**Exercise objective:**
These records contain pictures, which must be left out; copy exactly the lines from the one with "Detailed macro view" up to and including the one with "Living area with".

====== Extracted data

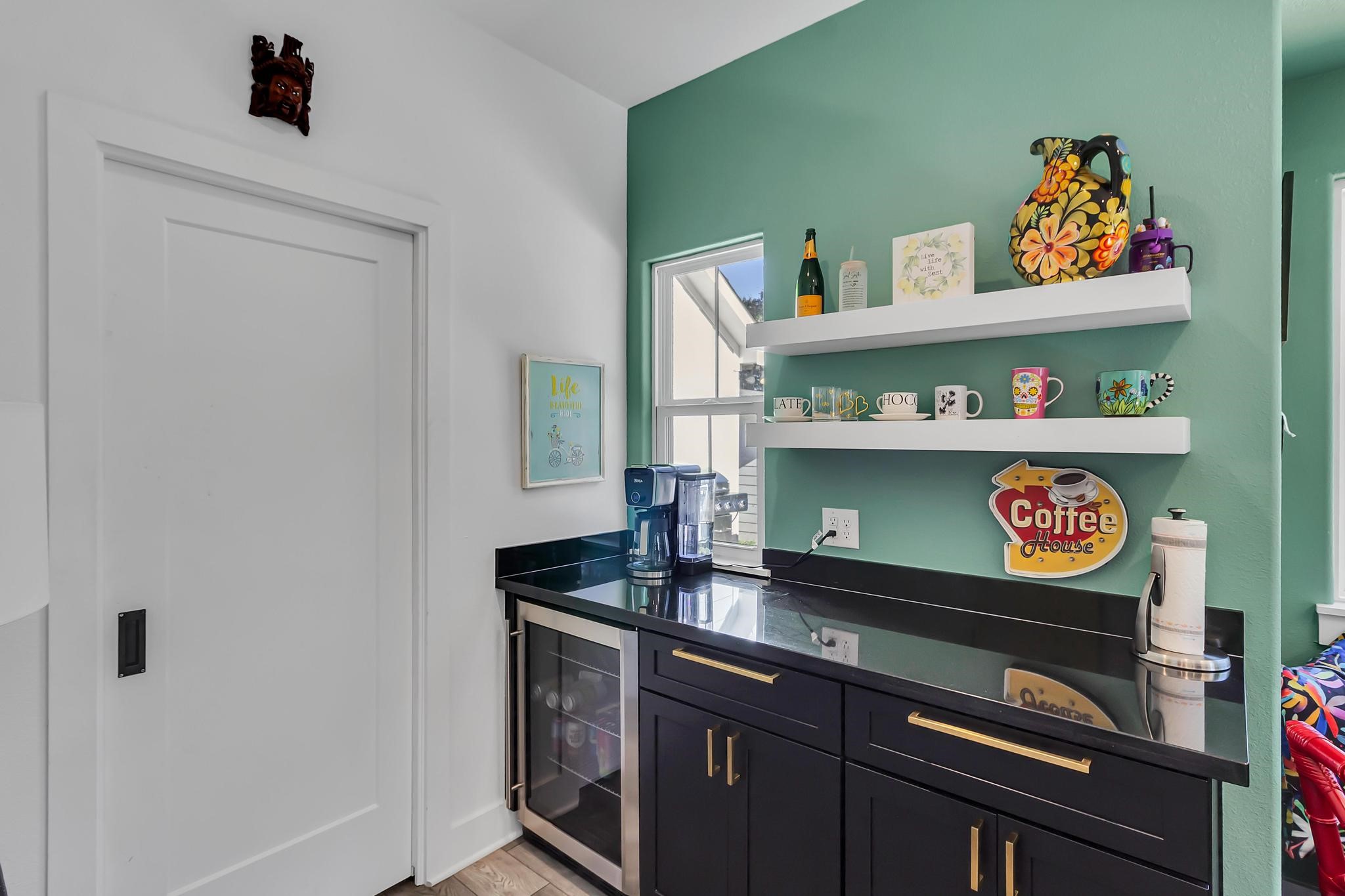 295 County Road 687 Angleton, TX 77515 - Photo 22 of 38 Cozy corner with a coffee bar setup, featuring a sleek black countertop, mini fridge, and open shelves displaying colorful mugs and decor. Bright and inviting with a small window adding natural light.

============
====== Extracted data

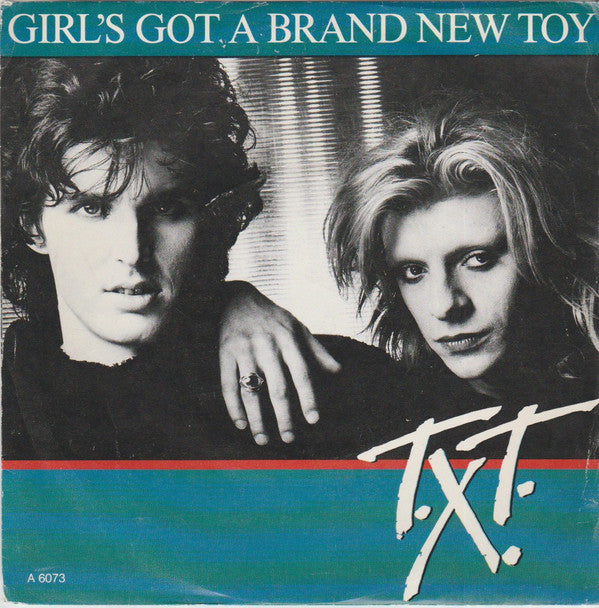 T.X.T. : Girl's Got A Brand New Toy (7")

============
====== Extracted data

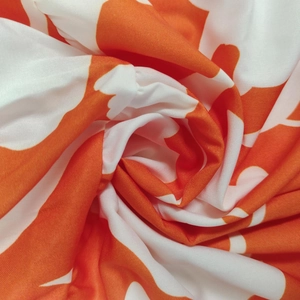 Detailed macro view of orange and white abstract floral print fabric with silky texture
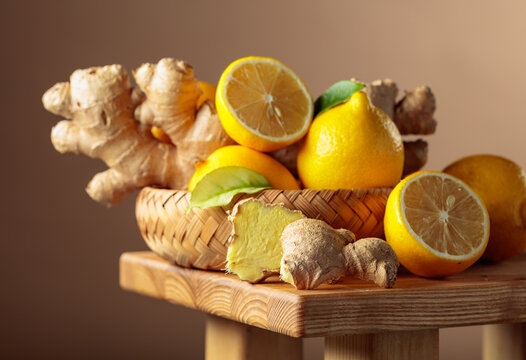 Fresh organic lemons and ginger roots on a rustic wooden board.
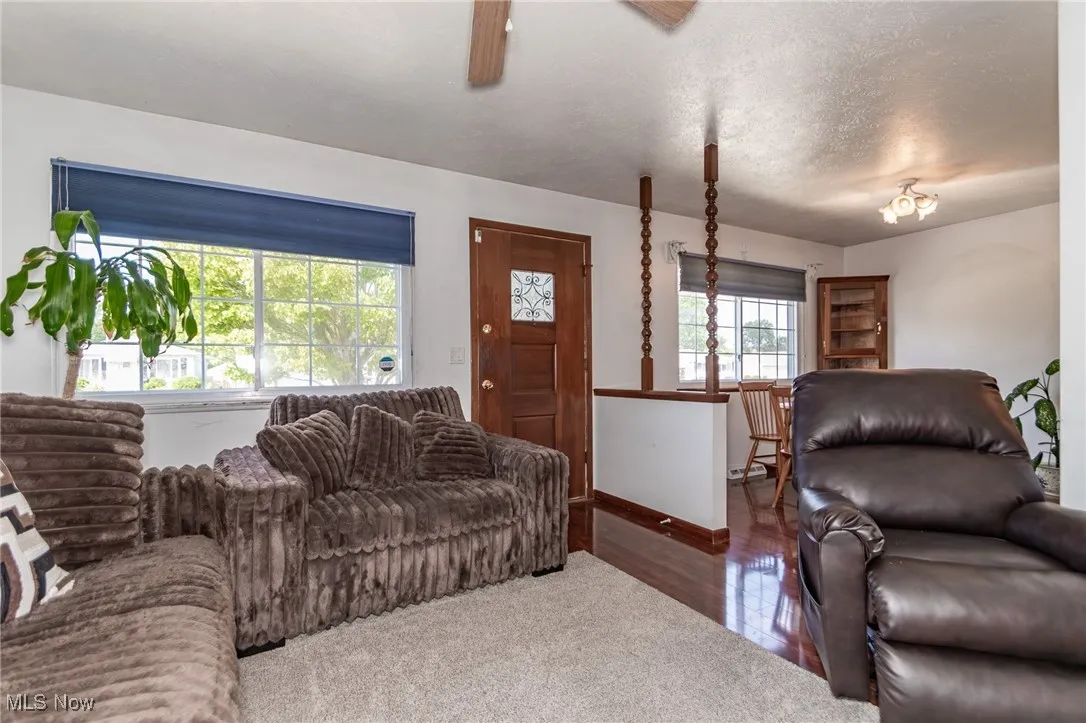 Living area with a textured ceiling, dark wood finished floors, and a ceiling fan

============

**Task response:**
 Detailed macro view of orange and white abstract floral print fabric with silky texture
 Fresh organic lemons and ginger roots on a rustic wooden board.
 Living area with a textured ceiling, dark wood finished floors, and a ceiling fan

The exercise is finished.